In 1804, Haiti changed the course of the history of the world by becoming the first Black country independent and the first successful slave revolution. Our country didn’t just defeat Napoleon’s army, it crushed slavery by supporting the independence efforts of many countries.
Here are a few highlights:
- Haitians fought in Savanah, Georgia during the US Independence War. Henri Christophe, the King of Haiti’s Northern Region was part of the battalion that fought there.
- At a critical juncture of South American history, Alexandre Petion, President of Haiti, provided ships, soldiers, money and arms to support Simon Bolivar’s efforts to obtain the independence of South American countries.
- Haiti supported countries like Greece, Jamaica and took a stand against Nazi Germany by issuing life-saving visas to Jewish refugees during WWII. Some of these refugees remained in Haiti where their descendants still live.
Haiti, too often cast as the “poorest country in the Western Hemisphere,” is country rich in culture, history and spirit; a pioneering spirit which was deliberately crushed by many as Haiti threatened their interest. Western nations refused to recognize Haiti’s independence until it paid France for its “losses” including the cost of the army that it had sent to Haiti. France demanded a punishing amount (the equivalent of $20 billion) that the country took more than 100 years to pay. This debt payment drained the country’s economy. When the US left Haiti after occupying it for 19 years in 1934, as part of their conditions for leaving the country, they negotiated deals for US timber companies which greatly contributed to the country’s deforestation. President Bill Clinton apologized in recent years for putting pressure on Haiti to lower its tariffs on US rice which led to the demise of Haiti’s rice industry. Thousands of jobs were lost as Haiti became the second consumer of US rice in the world (in 2012, Haiti spent $600 million in foreign rice!)

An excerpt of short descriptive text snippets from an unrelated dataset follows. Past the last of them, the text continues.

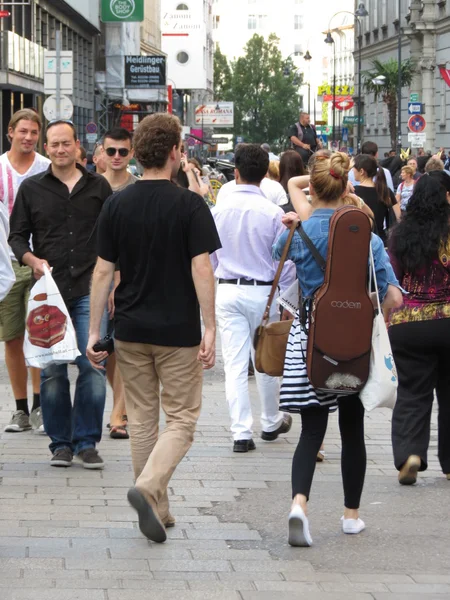 Emberek séta egy utcában, a város központjában — Stock Fotó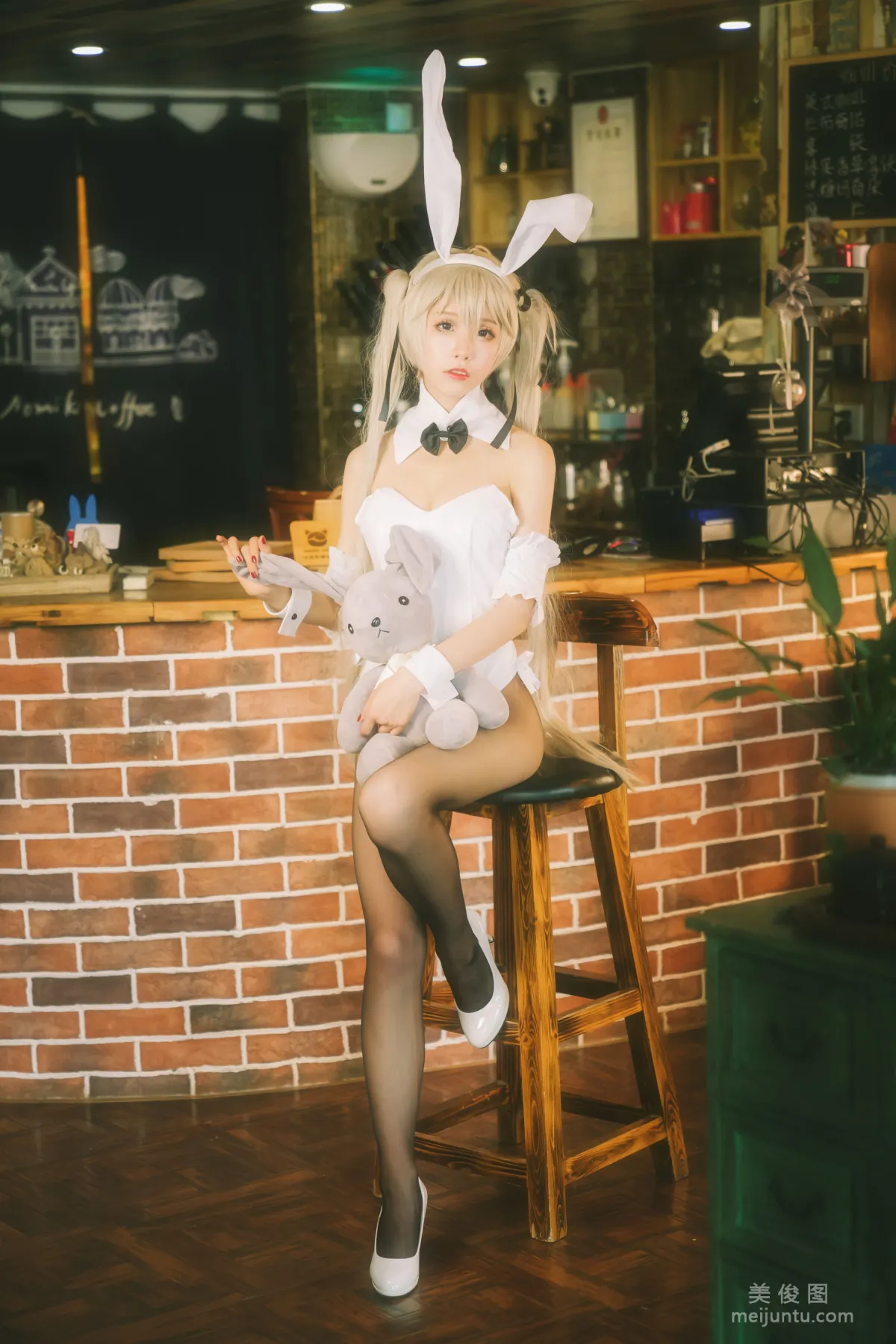 Shui Miao: Web Idols photo 2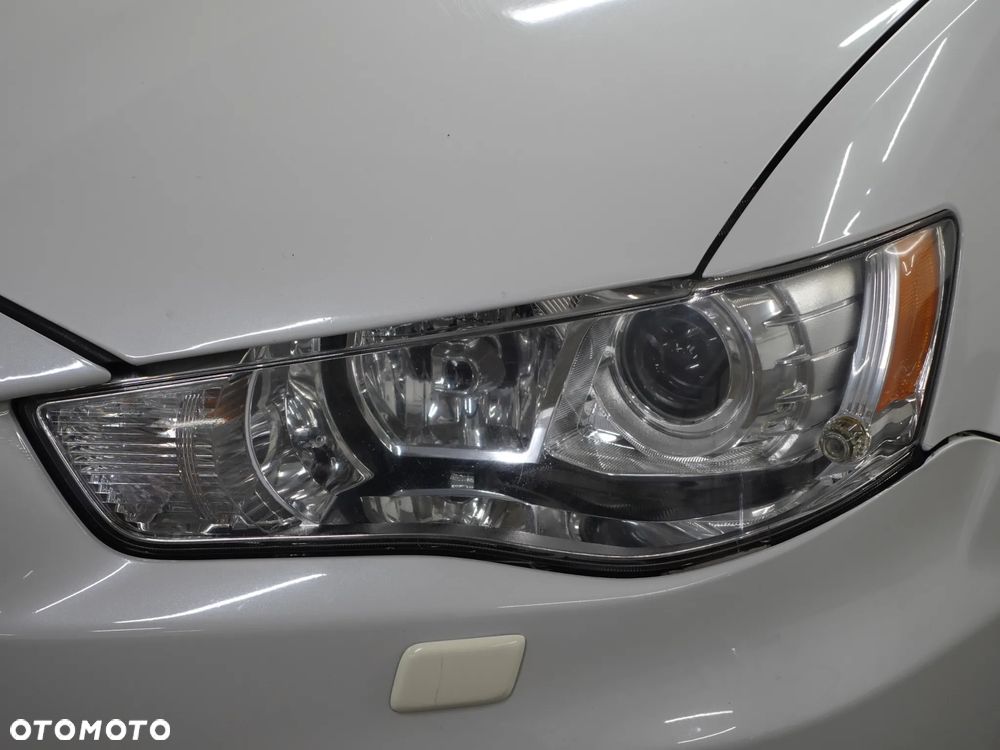 Mitsubishi Outlander - 13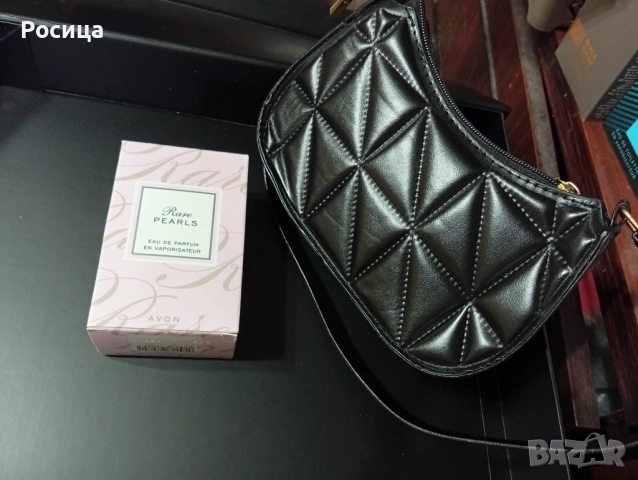 Комплект дамски парфюм раре пърлс 50 мл Ейвън и дамска чантичка.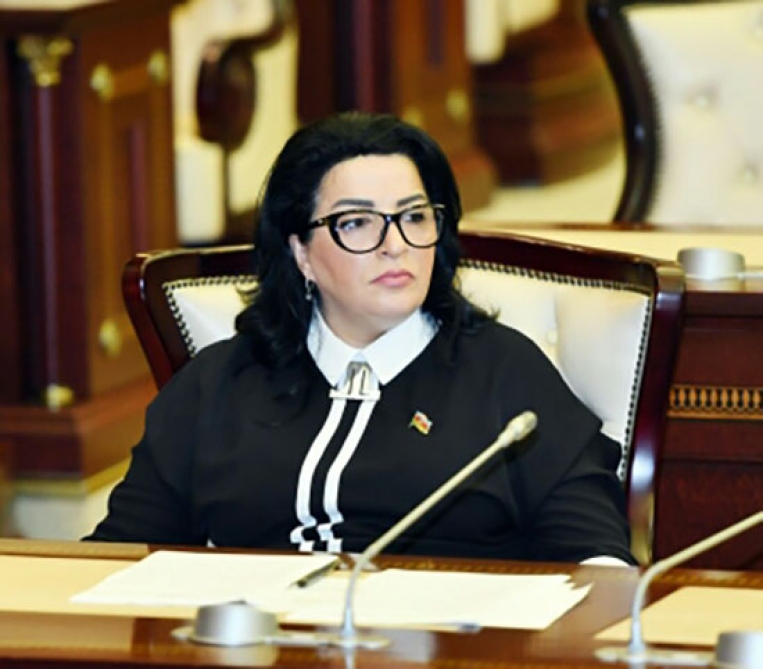 Deputat:  "Bu əlavə, dövlət qulluqçularının maddi təminatının yaxşılaşdırmasına şərait yaradacaq".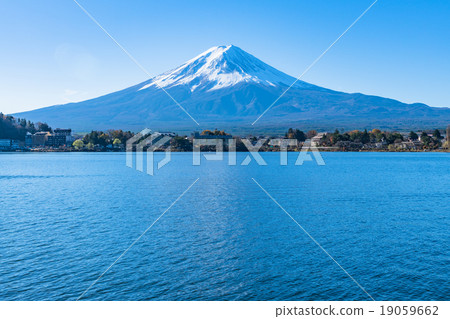 富士山[11月從河口湖拍攝的照片] 19059662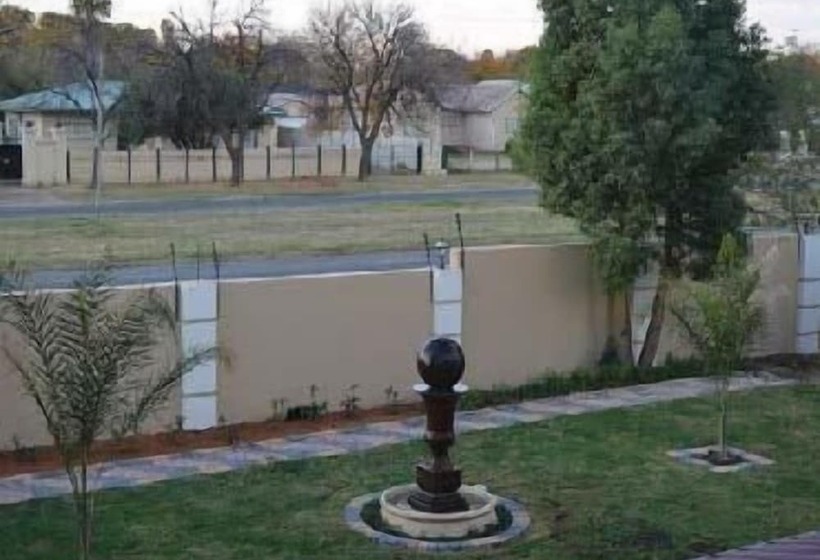 Пансион Rochilla Guest House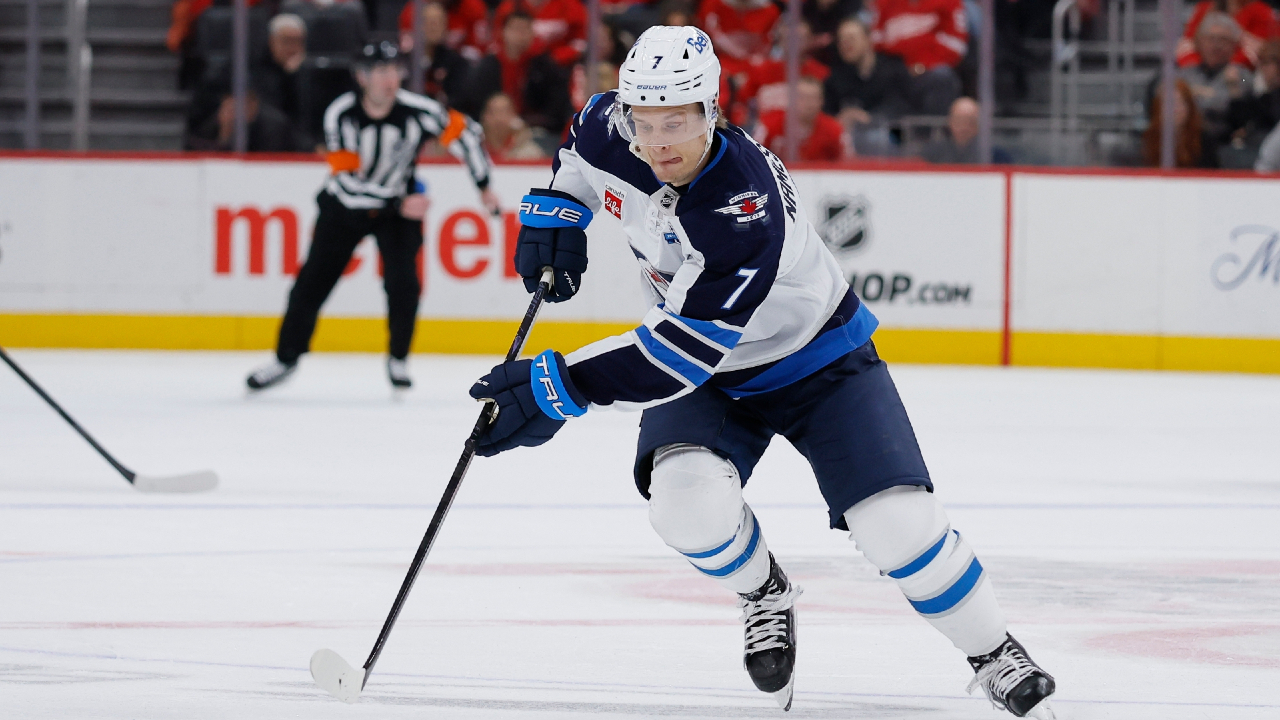 Jets' Vladislav Namestnikov, Mark Scheifele injured vs. Ducks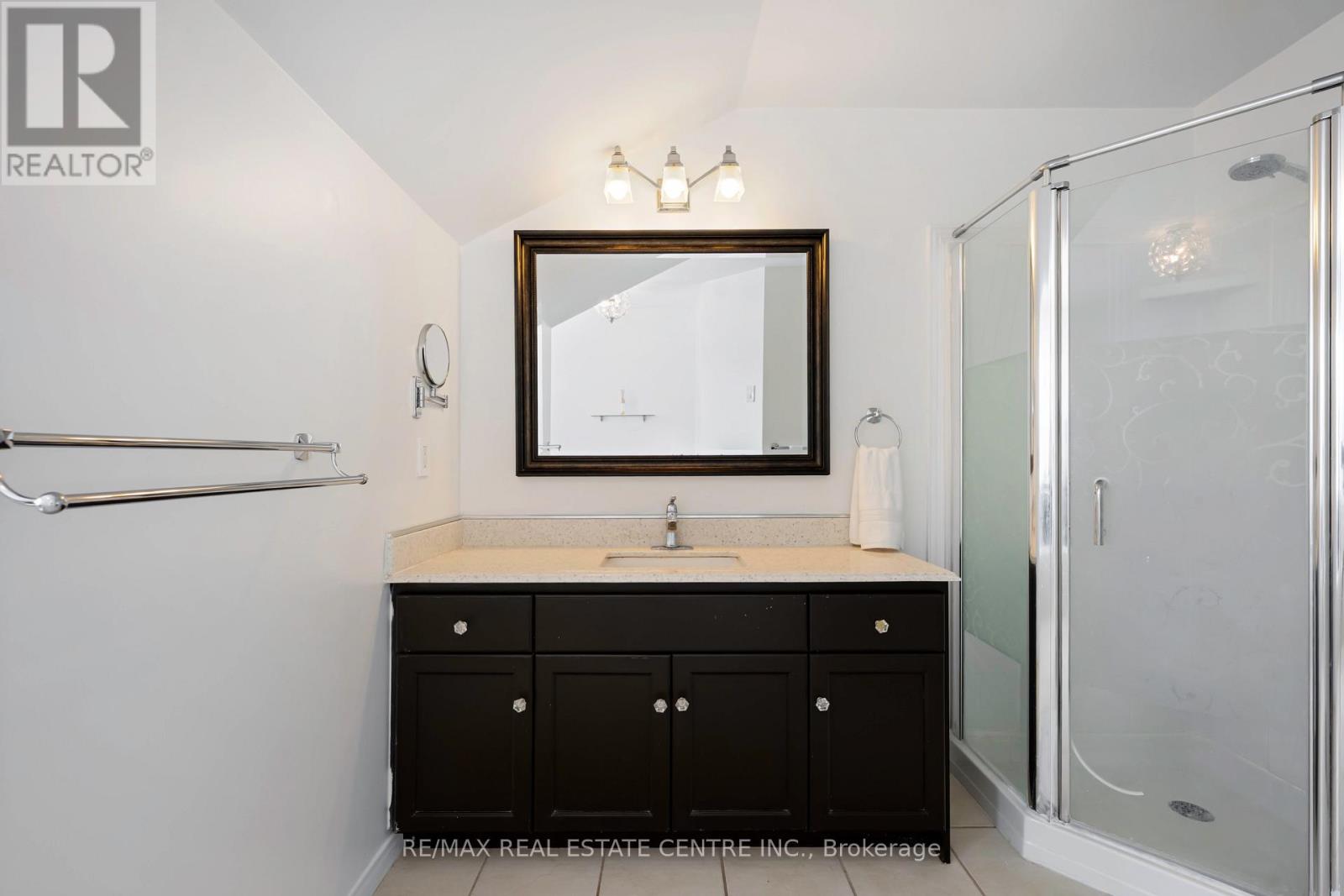 23 CLARKE AVENUE - 35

It is critical for the public to understand Haiti’s complex history to understand its struggles. We should not be dismissed as hopelessly poor and ignorant country. On the contrary. Even as we struggle with our internal issues and admit to our faults, many of us deeply care about our country and invest in it.
It is essential that Haiti’s leaders and communities be involved in shaping our development to change the course of our nation. We must lead. We will rebuild.